*** Opening Data extracts ***
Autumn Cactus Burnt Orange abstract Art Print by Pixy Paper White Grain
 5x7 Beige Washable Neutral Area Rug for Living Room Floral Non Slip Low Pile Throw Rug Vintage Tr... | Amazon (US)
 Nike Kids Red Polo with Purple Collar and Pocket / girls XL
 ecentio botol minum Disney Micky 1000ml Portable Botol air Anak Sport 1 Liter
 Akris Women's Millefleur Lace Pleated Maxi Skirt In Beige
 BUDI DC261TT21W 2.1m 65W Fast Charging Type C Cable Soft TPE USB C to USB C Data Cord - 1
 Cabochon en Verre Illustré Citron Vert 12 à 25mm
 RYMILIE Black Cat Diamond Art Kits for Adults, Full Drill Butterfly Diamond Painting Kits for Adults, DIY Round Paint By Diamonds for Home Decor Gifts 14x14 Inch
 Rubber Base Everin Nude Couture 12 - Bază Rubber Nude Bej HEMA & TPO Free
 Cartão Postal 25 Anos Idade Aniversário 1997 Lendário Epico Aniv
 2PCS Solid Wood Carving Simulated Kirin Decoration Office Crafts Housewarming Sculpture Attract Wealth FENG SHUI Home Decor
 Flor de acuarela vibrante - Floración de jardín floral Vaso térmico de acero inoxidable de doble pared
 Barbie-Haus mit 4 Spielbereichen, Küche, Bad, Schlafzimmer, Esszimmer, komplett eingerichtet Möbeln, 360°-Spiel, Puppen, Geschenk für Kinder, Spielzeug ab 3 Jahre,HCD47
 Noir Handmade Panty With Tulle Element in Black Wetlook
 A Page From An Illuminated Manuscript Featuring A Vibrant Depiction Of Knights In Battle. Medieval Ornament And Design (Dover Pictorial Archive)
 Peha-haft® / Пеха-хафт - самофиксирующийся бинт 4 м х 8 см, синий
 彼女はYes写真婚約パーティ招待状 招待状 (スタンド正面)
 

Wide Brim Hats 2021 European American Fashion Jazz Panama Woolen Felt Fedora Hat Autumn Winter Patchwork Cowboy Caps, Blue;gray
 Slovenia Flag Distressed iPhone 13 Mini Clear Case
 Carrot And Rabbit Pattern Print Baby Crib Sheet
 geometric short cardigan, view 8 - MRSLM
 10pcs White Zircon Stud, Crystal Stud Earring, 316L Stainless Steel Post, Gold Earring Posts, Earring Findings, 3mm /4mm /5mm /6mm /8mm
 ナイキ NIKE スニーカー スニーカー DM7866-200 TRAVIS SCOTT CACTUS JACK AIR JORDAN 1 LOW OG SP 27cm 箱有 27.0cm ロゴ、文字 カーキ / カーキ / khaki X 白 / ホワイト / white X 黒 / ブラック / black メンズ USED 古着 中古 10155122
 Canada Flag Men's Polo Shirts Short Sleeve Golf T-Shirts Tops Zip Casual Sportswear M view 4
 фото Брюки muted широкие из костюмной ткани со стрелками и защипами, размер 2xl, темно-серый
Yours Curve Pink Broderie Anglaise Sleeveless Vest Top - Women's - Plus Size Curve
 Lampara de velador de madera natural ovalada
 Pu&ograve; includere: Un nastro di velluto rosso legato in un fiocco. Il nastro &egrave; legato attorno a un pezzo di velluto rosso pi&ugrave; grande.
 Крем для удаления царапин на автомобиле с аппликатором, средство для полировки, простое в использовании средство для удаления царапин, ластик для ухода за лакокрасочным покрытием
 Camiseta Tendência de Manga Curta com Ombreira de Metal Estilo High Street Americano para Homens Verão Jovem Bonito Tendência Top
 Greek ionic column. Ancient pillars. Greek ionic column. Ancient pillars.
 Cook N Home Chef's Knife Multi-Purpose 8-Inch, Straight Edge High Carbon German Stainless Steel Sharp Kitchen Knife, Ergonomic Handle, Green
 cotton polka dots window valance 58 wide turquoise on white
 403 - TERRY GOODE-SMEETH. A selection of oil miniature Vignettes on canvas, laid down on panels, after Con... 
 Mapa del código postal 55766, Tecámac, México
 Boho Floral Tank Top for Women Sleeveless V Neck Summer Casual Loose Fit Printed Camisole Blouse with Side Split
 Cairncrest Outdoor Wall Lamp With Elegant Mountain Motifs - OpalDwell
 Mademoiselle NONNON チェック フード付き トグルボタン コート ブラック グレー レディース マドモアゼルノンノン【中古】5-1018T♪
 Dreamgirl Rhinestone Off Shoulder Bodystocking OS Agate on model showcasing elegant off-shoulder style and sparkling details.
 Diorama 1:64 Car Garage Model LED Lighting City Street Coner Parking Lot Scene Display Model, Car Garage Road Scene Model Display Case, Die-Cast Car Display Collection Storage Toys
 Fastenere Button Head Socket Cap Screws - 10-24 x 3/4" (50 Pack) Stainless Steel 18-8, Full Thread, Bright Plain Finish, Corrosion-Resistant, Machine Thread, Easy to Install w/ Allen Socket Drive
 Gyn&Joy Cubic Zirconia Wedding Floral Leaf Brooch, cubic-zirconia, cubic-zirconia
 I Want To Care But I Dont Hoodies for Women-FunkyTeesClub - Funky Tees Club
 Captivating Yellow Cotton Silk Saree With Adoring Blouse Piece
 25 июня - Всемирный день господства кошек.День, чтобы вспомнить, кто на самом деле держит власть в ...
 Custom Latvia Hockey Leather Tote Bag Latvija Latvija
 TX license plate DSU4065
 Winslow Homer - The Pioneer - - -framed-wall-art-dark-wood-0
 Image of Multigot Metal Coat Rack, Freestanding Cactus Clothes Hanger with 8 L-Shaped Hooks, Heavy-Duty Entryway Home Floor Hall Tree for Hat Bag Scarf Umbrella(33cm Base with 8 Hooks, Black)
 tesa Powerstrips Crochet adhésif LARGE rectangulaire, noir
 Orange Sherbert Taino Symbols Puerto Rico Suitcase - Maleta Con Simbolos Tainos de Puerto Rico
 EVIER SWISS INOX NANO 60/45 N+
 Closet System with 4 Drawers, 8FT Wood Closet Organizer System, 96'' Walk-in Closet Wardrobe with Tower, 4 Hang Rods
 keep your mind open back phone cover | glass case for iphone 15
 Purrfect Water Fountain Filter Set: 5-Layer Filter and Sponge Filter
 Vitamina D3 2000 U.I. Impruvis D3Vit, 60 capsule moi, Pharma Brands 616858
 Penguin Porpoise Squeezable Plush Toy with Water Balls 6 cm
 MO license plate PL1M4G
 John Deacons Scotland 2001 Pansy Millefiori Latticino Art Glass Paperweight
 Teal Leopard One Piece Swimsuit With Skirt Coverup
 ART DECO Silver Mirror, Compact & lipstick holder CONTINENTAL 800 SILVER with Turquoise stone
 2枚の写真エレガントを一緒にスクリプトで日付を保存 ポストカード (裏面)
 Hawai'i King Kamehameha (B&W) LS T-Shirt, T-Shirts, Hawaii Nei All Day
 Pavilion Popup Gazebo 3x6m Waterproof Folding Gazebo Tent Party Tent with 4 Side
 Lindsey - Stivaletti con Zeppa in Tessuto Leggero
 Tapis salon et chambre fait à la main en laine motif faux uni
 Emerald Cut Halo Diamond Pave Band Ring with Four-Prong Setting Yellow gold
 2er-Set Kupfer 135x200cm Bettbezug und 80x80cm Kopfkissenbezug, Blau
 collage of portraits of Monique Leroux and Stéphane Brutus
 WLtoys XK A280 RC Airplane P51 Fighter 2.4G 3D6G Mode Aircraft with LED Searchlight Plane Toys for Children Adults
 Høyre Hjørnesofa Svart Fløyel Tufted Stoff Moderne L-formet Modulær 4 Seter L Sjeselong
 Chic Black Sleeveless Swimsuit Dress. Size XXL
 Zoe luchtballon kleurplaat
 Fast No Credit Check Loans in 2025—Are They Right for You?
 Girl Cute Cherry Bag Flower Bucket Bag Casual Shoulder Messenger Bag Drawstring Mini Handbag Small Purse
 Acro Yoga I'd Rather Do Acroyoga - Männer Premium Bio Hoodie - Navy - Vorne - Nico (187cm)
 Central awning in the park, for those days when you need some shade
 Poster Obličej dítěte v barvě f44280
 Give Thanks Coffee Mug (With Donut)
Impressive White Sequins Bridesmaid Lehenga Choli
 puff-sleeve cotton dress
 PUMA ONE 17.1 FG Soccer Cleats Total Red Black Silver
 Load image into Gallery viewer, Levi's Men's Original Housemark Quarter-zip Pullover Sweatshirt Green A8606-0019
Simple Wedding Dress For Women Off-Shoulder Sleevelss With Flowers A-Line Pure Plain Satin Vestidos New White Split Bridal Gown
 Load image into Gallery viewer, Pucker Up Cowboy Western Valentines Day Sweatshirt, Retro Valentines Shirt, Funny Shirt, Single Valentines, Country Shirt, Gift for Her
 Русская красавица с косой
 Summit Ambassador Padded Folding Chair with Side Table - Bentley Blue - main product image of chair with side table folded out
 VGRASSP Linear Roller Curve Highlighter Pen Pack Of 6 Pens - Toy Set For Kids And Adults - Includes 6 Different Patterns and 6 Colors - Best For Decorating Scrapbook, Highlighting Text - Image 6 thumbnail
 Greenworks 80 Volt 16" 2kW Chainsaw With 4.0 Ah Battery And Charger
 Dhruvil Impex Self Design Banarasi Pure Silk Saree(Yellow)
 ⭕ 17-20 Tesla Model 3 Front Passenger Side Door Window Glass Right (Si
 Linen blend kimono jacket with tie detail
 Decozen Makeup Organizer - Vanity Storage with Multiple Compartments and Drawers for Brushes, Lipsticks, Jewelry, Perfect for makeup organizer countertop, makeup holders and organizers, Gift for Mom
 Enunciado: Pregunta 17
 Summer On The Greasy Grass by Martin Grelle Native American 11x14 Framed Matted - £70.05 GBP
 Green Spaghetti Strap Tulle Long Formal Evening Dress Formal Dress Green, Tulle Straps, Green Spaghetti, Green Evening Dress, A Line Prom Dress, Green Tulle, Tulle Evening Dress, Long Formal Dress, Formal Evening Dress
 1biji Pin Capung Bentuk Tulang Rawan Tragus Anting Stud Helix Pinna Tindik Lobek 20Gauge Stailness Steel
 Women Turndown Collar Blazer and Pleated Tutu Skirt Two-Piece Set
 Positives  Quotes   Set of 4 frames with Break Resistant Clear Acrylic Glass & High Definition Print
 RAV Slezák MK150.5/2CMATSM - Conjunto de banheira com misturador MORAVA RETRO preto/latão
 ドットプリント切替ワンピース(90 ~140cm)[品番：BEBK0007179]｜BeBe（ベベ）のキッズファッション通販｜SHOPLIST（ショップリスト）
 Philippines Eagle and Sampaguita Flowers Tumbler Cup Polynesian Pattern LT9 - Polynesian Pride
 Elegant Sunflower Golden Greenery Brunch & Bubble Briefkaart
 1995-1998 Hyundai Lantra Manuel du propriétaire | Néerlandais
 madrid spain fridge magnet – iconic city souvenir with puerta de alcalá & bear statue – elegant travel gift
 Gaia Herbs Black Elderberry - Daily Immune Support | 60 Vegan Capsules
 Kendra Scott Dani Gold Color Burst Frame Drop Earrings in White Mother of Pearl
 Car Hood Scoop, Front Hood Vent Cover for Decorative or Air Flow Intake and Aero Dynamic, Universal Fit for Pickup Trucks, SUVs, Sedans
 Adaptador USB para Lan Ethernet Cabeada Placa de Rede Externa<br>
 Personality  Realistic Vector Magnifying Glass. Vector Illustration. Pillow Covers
*** Closing Data extracts ***
### Directions for this task
Each line above from the one with "Rubber Base Everin" up to and including the one with "geometric short cardigan, view 8 - MRSLM" must be set down exactly, and no line outside that span may appear.

### Task output
 Rubber Base Everin Nude Couture 12 - Bază Rubber Nude Bej HEMA & TPO Free
 Cartão Postal 25 Anos Idade Aniversário 1997 Lendário Epico Aniv
 2PCS Solid Wood Carving Simulated Kirin Decoration Office Crafts Housewarming Sculpture Attract Wealth FENG SHUI Home Decor
 Flor de acuarela vibrante - Floración de jardín floral Vaso térmico de acero inoxidable de doble pared
 Barbie-Haus mit 4 Spielbereichen, Küche, Bad, Schlafzimmer, Esszimmer, komplett eingerichtet Möbeln, 360°-Spiel, Puppen, Geschenk für Kinder, Spielzeug ab 3 Jahre,HCD47
 Noir Handmade Panty With Tulle Element in Black Wetlook
 A Page From An Illuminated Manuscript Featuring A Vibrant Depiction Of Knights In Battle. Medieval Ornament And Design (Dover Pictorial Archive)
 Peha-haft® / Пеха-хафт - самофиксирующийся бинт 4 м х 8 см, синий
 彼女はYes写真婚約パーティ招待状 招待状 (スタンド正面)
 

Wide Brim Hats 2021 European American Fashion Jazz Panama Woolen Felt Fedora Hat Autumn Winter Patchwork Cowboy Caps, Blue;gray
 Slovenia Flag Distressed iPhone 13 Mini Clear Case
 Carrot And Rabbit Pattern Print Baby Crib Sheet
 geometric short cardigan, view 8 - MRSLM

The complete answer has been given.